En ouvrant cet album on aurait pu craindre le caprice d’un excellent vendeur de BD d’avions rutilants et on ressort les yeux plein d’étoiles entre la magie du cinéma et le documentaire critique, histoire de profiter des incroyables planches de Romain Hugault sans sombrer dans une image d’Épinal qu’il frôle souvent dans ses albums. Encore un magnifique travail dont on ne se lasse pas et qui nous apprend plein de choses que l’on aurait pas eu l’idée de demander.
Lire sur le blog:
https://etagereimaginaire.wordpress.com/2024/11/13/tomcat/
Cet album est un double hommage de l’auteur, rappelé dans une élégante préface, à sa mère, décédée aux commandes de son avion, et à Kara Hultgreen, première femme pilote de chasse. Mais l’objet principal de ce récit est bien sûr le F-14 « Tomcat », emblème de la guerre froide.

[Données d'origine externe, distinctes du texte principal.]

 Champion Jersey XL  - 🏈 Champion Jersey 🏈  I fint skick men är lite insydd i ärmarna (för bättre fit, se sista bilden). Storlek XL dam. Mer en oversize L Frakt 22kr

J’avoue avoir été assez déstabilisé par l’incipit de cette aventure, je ne suis pas en effet fan des albums se conjuguant à la première personne lorsqu’il s’agit d’objet ou de machine (à l’instar de « la bombe » d’Alcante, Bollée et Rodier). J’ai appris beaucoup à la lecture de ce one-shot, qui est en fait plus une bande dessinée documentaire qu’un récit d’aventure : ce qui a inspiré « Top Gun », mais surtout le destin extraordinaire de Kara Hultgreen. Comme certains je pense, j’ai fait des recherches sur internet pour en savoir plus sur cette pilote de chasse que je ne connaissais pas du tout.
Mais ce qui fait la force de cet album réside dans le dessin de Romain Hugault qui s’est surpassé ici. Une véritable claque visuelle ! Les planches présentées viennent, il faut l’avouer, combler un scénario assez classique, même si le découpage choisi est assez surprenant (une partie sur le Tomcat et l’autre sur Kara Hultgreen). Je crois n’avoir raté aucun album de ce dessinateur depuis ses débuts mais je suis sûr de le relire plusieurs fois rien que pour la beauté des planches. Il faut dire que j’ai acheté la version grand format (déjà épuisée chez le distributeur) limitée à 3000 exemplaires et qui en met pleins la vue au lecteur. Une véritable réussite et Romain Hugault a fait le bon choix de s’associer avec une nouvelle scénariste pour se renouveler. En effet,le scénario du dernier album co-signé avec Yann (« Anything Goes » de la série Angel Wings), volait vraiment très bas ! Seul le dessin avait sauvé l’album, à mon avis.
Je recommande vivement la lecture de récit, qui s’achève de manière émouvante.